Curated highlights of this list, along with a video piece associated with the data, were presented by Houston’s Inman Gallery in a corner of the Projects section at this year’s Expo Chicago. A sheet of white wallpaper on the left featured the top 1,000 most popular Wikipedia entries, and black wallpaper on the right contained the top 250,000 articles in the online encyclopedia in alphabetical order. Although the larger data set was an impressive mass, the pared-down list lent itself to a more poetic interpretation. The meticulously ordered user data appeared as a seemingly chaotic alignment of celebrities, diseases, and cultural artifacts, placing “Selena Gomez” at 36, between “Japan” and “Germany,” the year 2012 right on top of “Emoticon,” at 451, and “World Population” sandwiched between “Zombie” and “Swine Influenza,” at 663.
“The Master Index (v.EXPO_Chicago)” wallpaper was an iteration of the 2013 collaboration between Salavon and researchers at the University of Chicago to compile a numbered list of English Wikipedia articles, sorted by page-view counts gathered since 2007. Each time Salavon shows the project, he updates it to reflect the current tally of page-views; most recent revision is from August 2015. The list speaks to our collective desire for bits of knowledge, our need for specific information to guide school projects, solve temporary brain lapses, and settle heated debates. It’s an ordered representation of our information obsession, with such funny and chance juxtapositions as “Dog” directly above “Snoop Dogg” and “Scientology” hovering just over “Celebrity Sex Tape.”
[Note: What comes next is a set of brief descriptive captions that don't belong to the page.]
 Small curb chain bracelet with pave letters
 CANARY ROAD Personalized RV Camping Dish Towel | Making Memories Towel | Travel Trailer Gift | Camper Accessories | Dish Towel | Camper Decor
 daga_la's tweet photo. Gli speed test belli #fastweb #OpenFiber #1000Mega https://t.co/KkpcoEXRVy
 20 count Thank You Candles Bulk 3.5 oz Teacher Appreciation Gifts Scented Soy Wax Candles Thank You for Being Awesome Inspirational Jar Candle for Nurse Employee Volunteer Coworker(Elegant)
“I knew during EXPO people would be moving fast and have a lot to see. I wanted to explore and accentuate the weirdness of the top 1,000 Wikipedia articles. How do these pages become so popular? What is driving all of that? It is a great topic of conversation,” said Salavon. “People are often surprised by the frequent juxtapositions of history and sex. It is so funny that people can pretend to be prude, but then see anal sex appear near the top 100 viewed entries. There is something depressingly truthful about the contents of the list.”
Situated a few rows to the right of “Anal sex” (on the lefthand wallpaper) was the video piece “Local Index (Tessellated),” which Salavon coded while serving as the very first artist-in-residence at Microsoft Research earlier this year. The piece takes popular art-related Wikipedia entries — museums, movements, artists — and works with their source code to produce colorful, tessellated visuals based on the length and syntax of each text.
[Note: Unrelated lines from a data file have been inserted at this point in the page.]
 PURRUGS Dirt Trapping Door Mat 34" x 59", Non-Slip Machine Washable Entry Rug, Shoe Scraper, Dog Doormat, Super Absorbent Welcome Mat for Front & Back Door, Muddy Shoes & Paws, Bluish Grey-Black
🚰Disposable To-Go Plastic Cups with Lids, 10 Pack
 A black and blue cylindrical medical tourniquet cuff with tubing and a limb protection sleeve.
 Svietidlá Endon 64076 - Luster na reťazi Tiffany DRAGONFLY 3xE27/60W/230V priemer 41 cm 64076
“You have this crisp, conceptual wallpaper, and I was interested in using computation and other methods to create an aesthetically interesting piece to relate to that,” said Salavon. “I wanted to take this infinite feed and make a geometric pattern with its data — merge video editing and painting into a single practice.”
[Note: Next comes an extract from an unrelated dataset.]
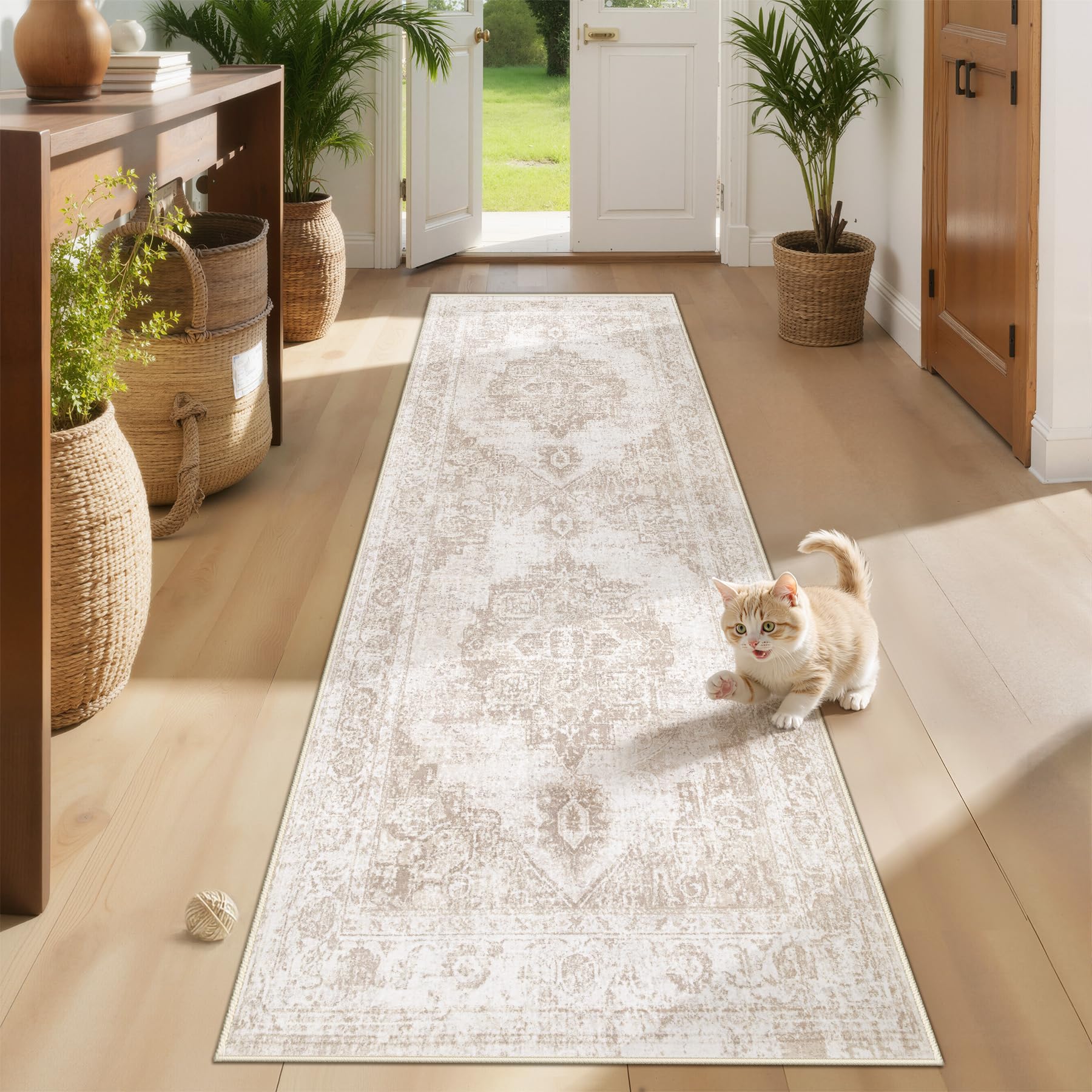 Area Rug 2x8 Runner Rug: Washable Vintage Hallway Rugs Indoor Medallion Rug Low Pile Distressed Floor Carpet Retro Accent Rugs f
The colors he uses are sourced from user-generated palettes on Adobe’s color website, and they’re then matched with an entry based on popularity. In the video, each article’s code flashes on screen for a moment before a triangulated pattern begins to move down over it, covering the letters, numbers, and symbols like a brilliantly hued virus. Although the list of 1,000 art articles is largely influenced by Salavon’s interests (his own Wikipedia page is included), it’s interesting to see how the video depicts each entry’s source information — how its color choices may or may not align with the colors we associate with specific museums or artists in our heads.
Displayed together, the projects connect our interests and often taboo research with a visual representation of these very human patterns. The straightforward and clean lists on the walls complement the chaotic glitches of the video, giving shape and color to the odd synapses occurring in each of our brains.
Jason Salavon’s “The Master Index (Semaphore)” was presented by Inman Gallery at Expo Chicago (Navy Pier, 600 E Grand Ave, Chicago) September 18–20.